Brief descriptive captions:

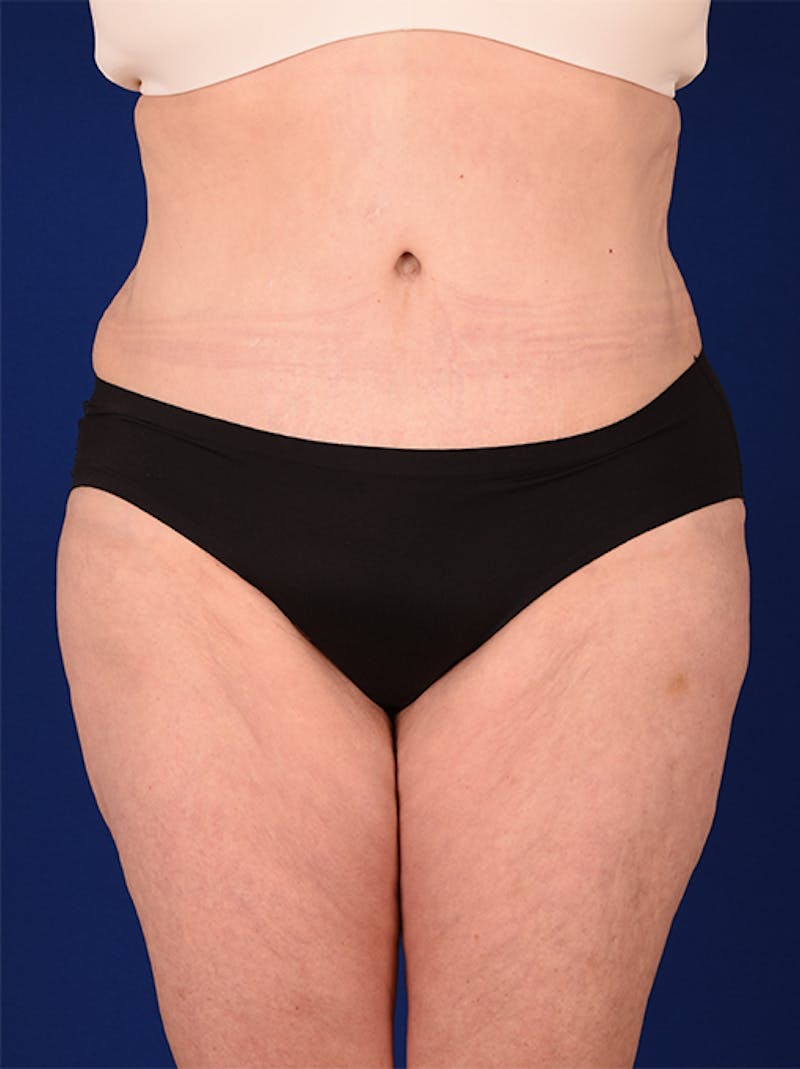 Abdominoplasty / Tummy Tuck Before & After Gallery - Patient 18242367 - Image 2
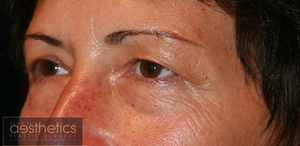 Upper & Lower plus Fat Graft-before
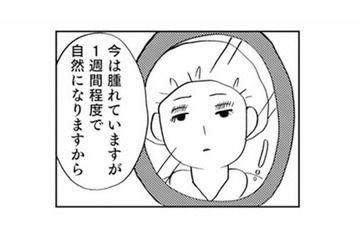 「整形しないと幸せになれない」中学卒業後、母の勧めで二重整形をすることに【親に整形させられた私が母になる #１】 画像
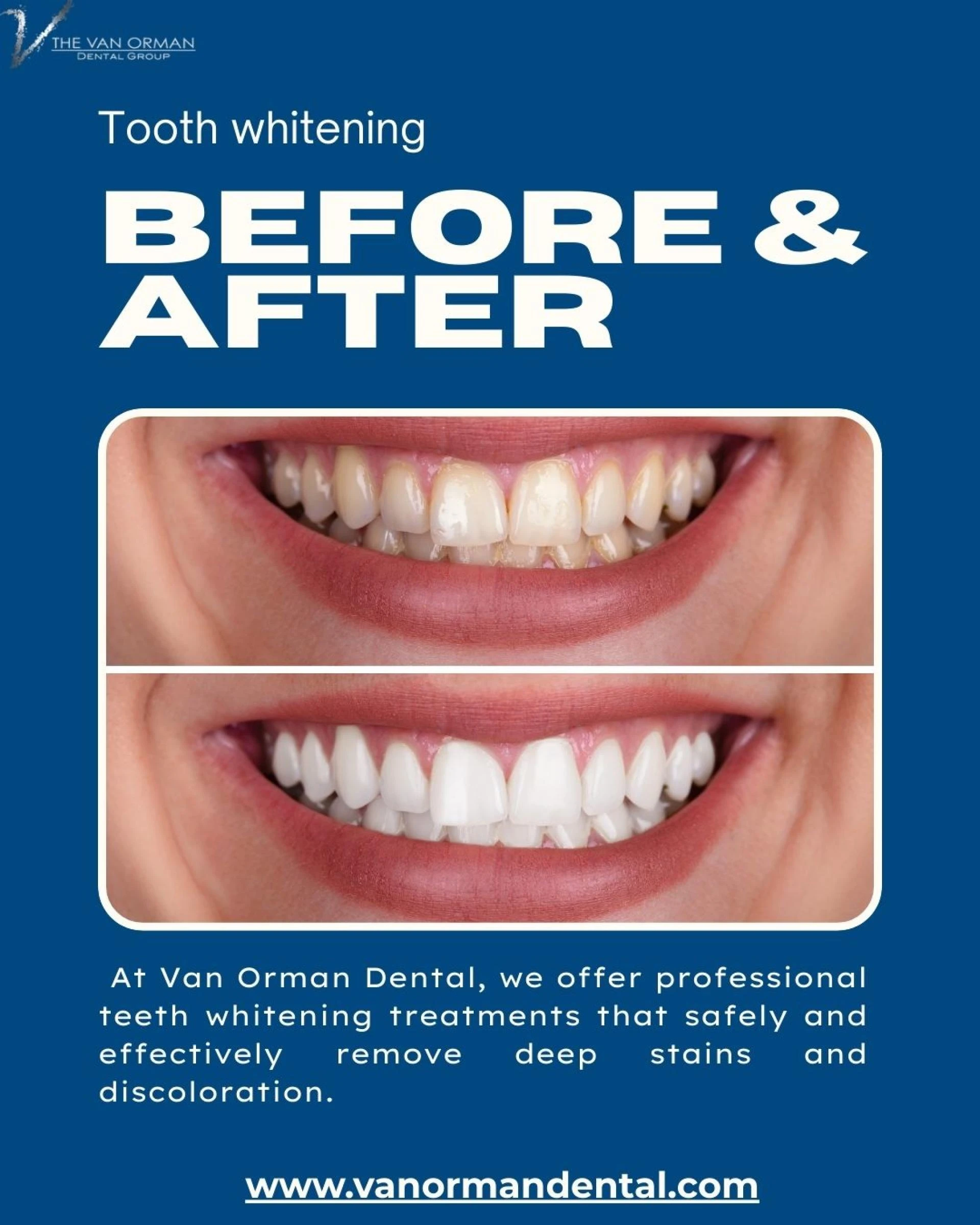 Is Teeth Whitening the Right Choice for You?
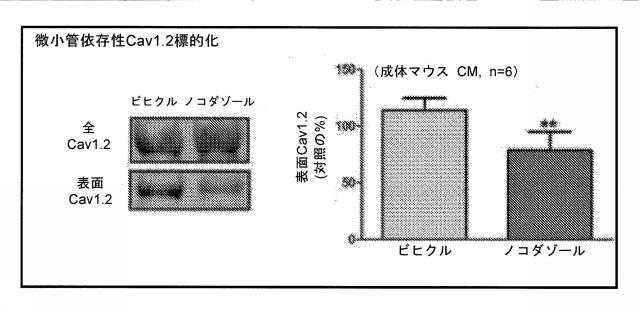 5802197-心血管疾患における予後診断マーカーとしてのＢＩＮ１ 図000008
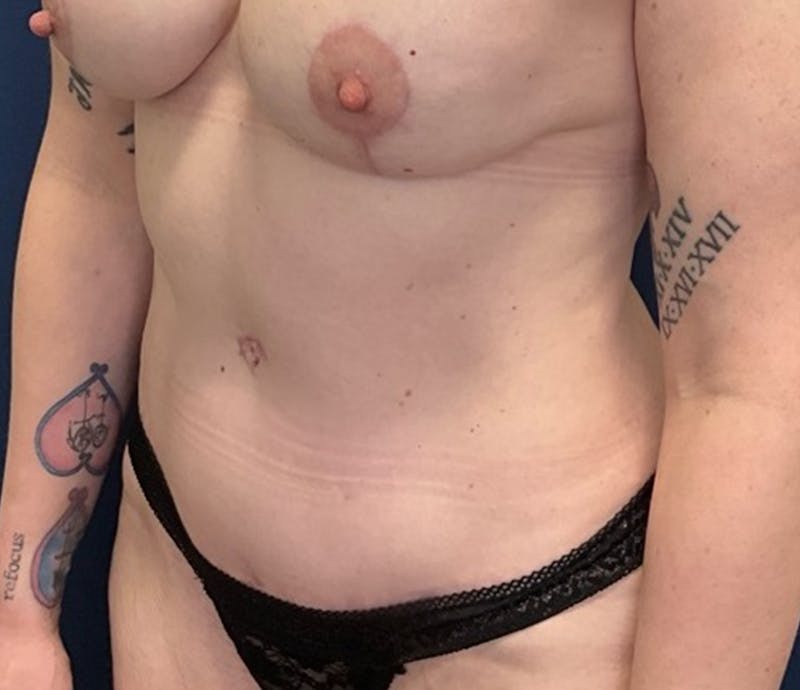 Liposuction by Dr. Booth Before & After Gallery - Patient 221440 - Image 4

- **TASK**
Nothing but the lines from the one containing "5802197-心血管疾患に" through the last line of the records should appear in the copy, exactly as written and without pictures.

- **WRITTEN REPLY**
 5802197-心血管疾患における予後診断マーカーとしてのＢＩＮ１ 図000008
 Liposuction by Dr. Booth Before & After Gallery - Patient 221440 - Image 4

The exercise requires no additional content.